The straightforward way to solve this problem is to create a
dictionary. Like so:
[...]

a, b = get_information(line)
if a in dict.keys():
dict[a].append(b)
else:
dict[a] = [b]

So I timed the three suggestions with a few different datasets:
cat builddict.py def askpermission(d, k, v):
if k in d:
d[k].append(v)
else:
d[k] = [v]

def askforgiveness(d, k, v):
try:
d[k].append(v)
except KeyError:
d[k] = [v]

def default(d, k, v):
d.setdefault(k, []).append(v)

def test(items, func):
d = {}
for k, v in items:
func(d, k, v)

Dataset where every value causes a collision:
python -m timeit -s "import builddict as bd" "bd.test([(100, i) for i in range(1000)], bd.askpermission)"
1000 loops, best of 3: 1.62 msec per loop
python -m timeit -s "import builddict as bd" "bd.test([(100, i) for i in range(1000)], bd.askforgiveness)"
1000 loops, best of 3: 1.58 msec per loop
python -m timeit -s "import builddict as bd" "bd.test([(100, i) for i in range(1000)], bd.default)"
100 loops, best of 3: 2.03 msec per loop
Dataset where no value causes a collision:
python -m timeit -s "import builddict as bd" "bd.test([(i, i) for i in range(1000)], bd.askpermission)"
100 loops, best of 3: 2.29 msec per loop
python -m timeit -s "import builddict as bd" "bd.test([(i, i) for i in range(1000)], bd.askforgiveness)"
100 loops, best of 3: 9.96 msec per loop
python -m timeit -s "import builddict as bd" "bd.test([(i, i) for i in range(1000)], bd.default)"
100 loops, best of 3: 2.98 msec per loop
Datset where one of every 5 values causes a collision:
python -m timeit -s "import builddict as bd" "bd.test([(i % 5, i) for i in range(1000)], bd.askpermission)"
1000 loops, best of 3: 1.82 msec per loop
python -m timeit -s "import builddict as bd" "bd.test([(i % 5, i) for i in range(1000)], bd.askforgiveness)"
1000 loops, best of 3: 1.79 msec per loop
python -m timeit -s "import builddict as bd" "bd.test([(i % 5, i) for

i in range(1000)], bd.default)"
100 loops, best of 3: 2.2 msec per loop
So, when there are lots of collisions, you may get a small benefit from
the try/except solution. If there are very few collisions, you probably
would rather the if/else solution. The setdefault solution patterns
about like the if/else solution, but is somewhat slower.

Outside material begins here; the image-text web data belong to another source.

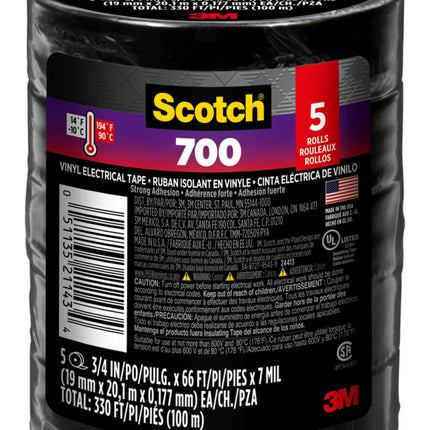 Scotch Vinyl 700 Electrical Tape, 5 Rolls, Black, 3/4-in x 66-ft, Commercial Grade, Rated for Temperatures Up to 194-Degree, Highly Flexible, Stretchy and Conformable (24413-BA-6)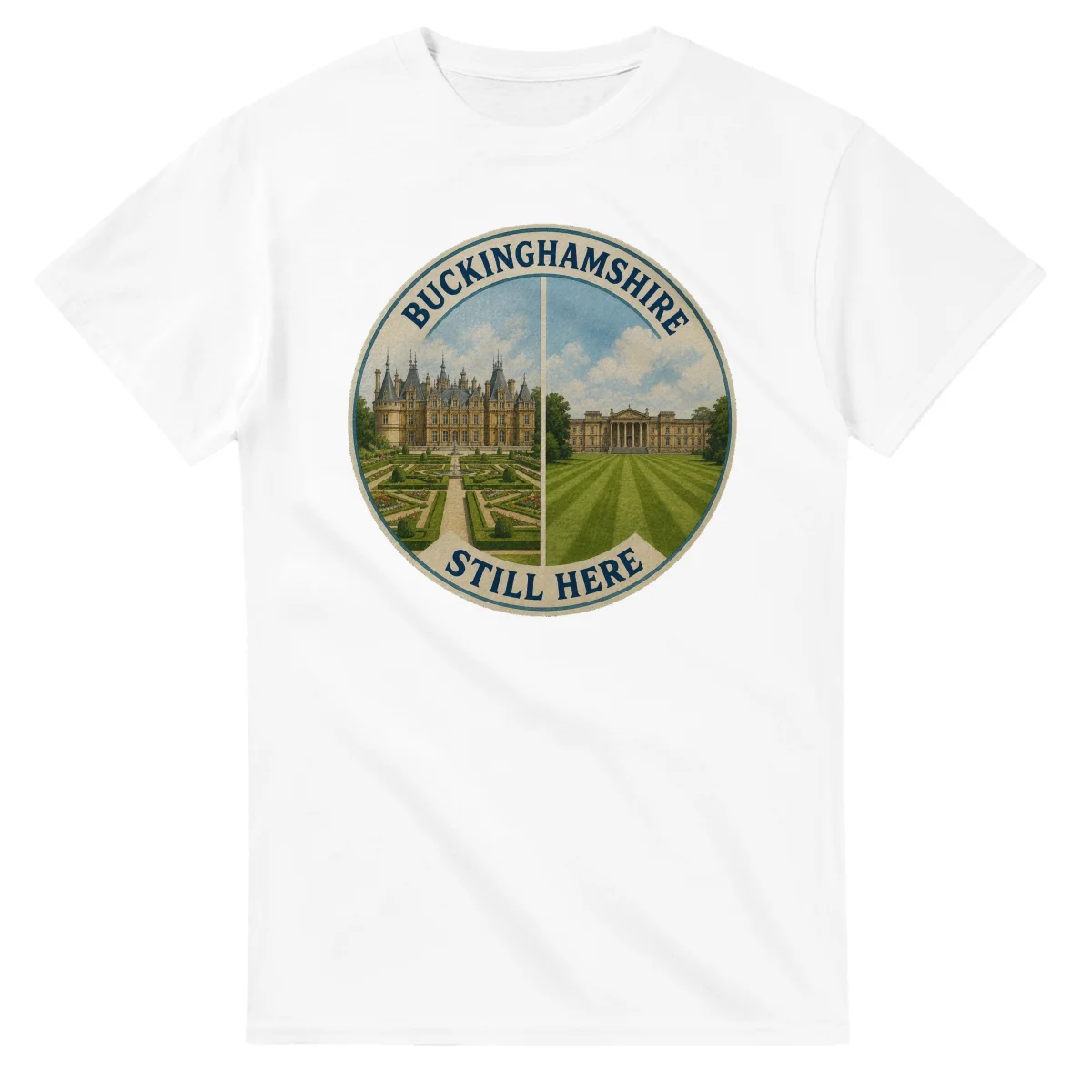 Painted, panelled scenic illustration for Buckinghamshire, with paired local scenes and the place name in lettering.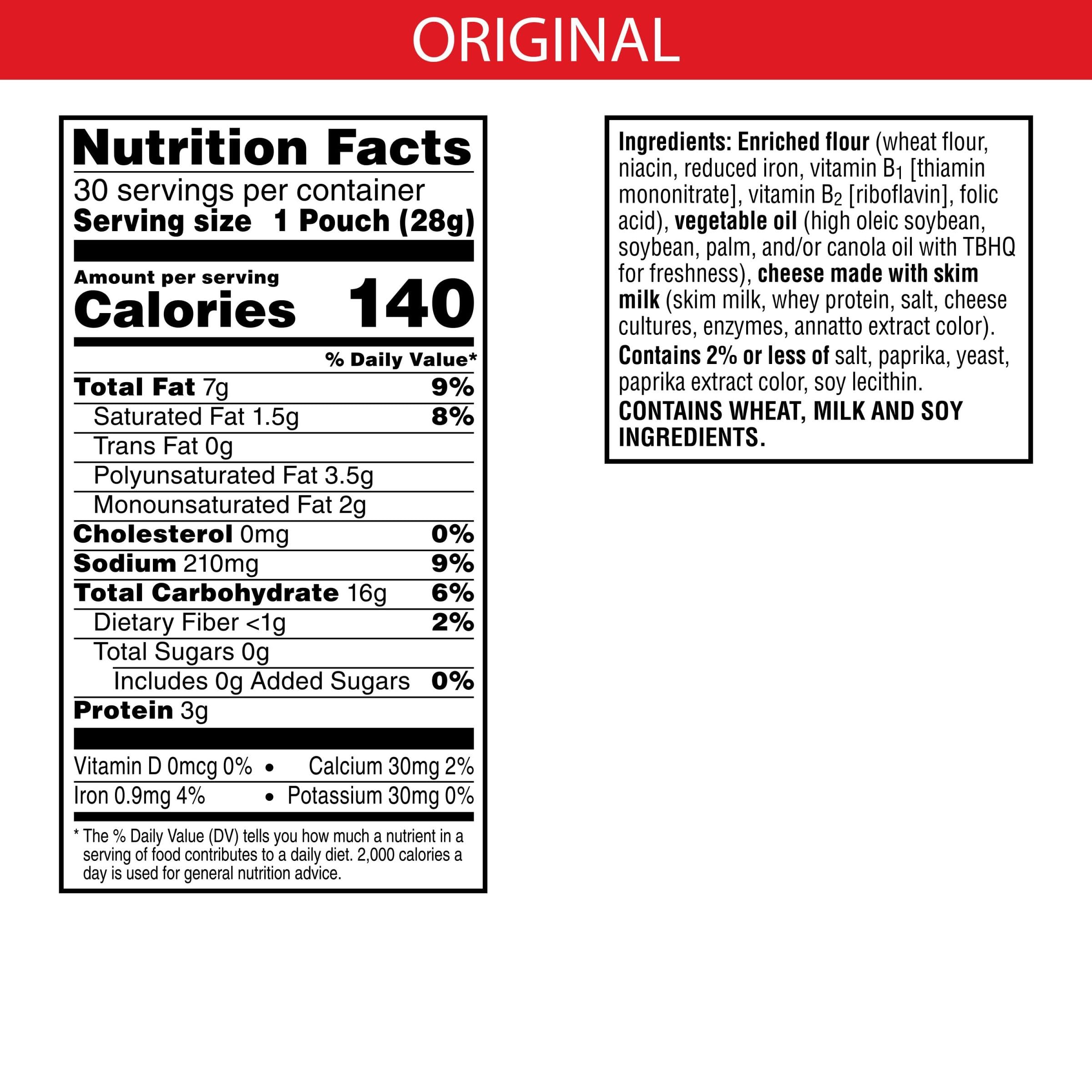 Cheez-It Original Baked Cheese Crackers - 30oz Bulk Box (30 Packs) | Perfect for School Lunches, Office Snacks & Party Platters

I will probably continue to use setdefault, because I think it's
prettier =) but if you're running into a speed bottleneck in this sort
of situation, you might consider one of the other solutions.

Steve

Jul 18 '05 #12

Jeff Shannon

Klaus Neuner wrote:

Yet, I have got 43 such files. Together they are 4,1M
large. In the future, they will probably become much larger.
At the moment, the process takes several hours. As it is a process
that I have to run very often, I would like it to be faster.

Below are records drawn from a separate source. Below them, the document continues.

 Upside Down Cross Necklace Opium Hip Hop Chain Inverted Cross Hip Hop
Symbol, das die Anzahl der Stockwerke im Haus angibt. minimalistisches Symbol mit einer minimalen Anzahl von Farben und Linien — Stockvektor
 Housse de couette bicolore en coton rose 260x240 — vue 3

Others have shown how you can make your dictionary code more efficient,
which should provide a big speed boost, especially if there are many
keys in your dicts.

However, if you're taking this long to read files each time, perhaps
there's a better high-level approach than just a brute-force scan of
every file every time. You don't say anything about where those files
are coming from, or how they're created. Are they relatively static?
(That is to say, are they (nearly) the same files being read on each
run?) Do you control the process that creates the files? Given the
right conditions, you may be able to store your data in a shelve, or
even proper database, saving you lots of time in parsing through these
files on each run. Even if it's entirely new data on each run, you may
be able to find a more efficient way of transferring data from whatever
the source is into your program.

Jeff Shannon
Technician/Programmer
Credit International

Jul 18 '05 #13

Mike Meyer

Simon Brunning <si************@gmail.com> writes:

On Tue, 14 Dec 2004 10:40:56 -0500, Peter Hansen <pe***@engcorp.com> wrote:
Keith Dart wrote:
> Sigh, this reminds me of a discussion I had at my work once... It seems
> to write optimal Python code one must understand various probabilites of
> your data, and code according to the likely scenario.

And this is different from optimizing in *any* other language
in what way?

In other languages, by the time you get the bloody thing working it's
time to ship, and you don't have to bother worrying about making it
optimal.

+1 QOTW.

<mike

--
Mike Meyer <mw*@mired.org> http://www.mired.org/home/mwm/
Independent WWW/Perforce/FreeBSD/Unix consultant, email for more information.

Jul 18 '05 #14

Paul McGuire

"Klaus Neuner" <kl************@yahoo.de> wrote in message
news:3e**************************@posting.google.c om...

Hello,

I need to gather information that is contained in various files.

Like so:

file1:
=====================
foo : 1 2
bar : 2 4
baz : 3
=====================

file2:
=====================
foo : 5
bar : 6
baz : 7
=====================

file3:
=====================
foo : 4 18
bar : 8
=====================
The straightforward way to solve this problem is to create a
dictionary. Like so:
[...]

a, b = get_information(line)
if a in dict.keys():
dict[a].append(b)
else:
dict[a] = [b]
Yet, I have got 43 such files. Together they are 4,1M
large. In the future, they will probably become much larger.
At the moment, the process takes several hours. As it is a process
that I have to run very often, I would like it to be faster.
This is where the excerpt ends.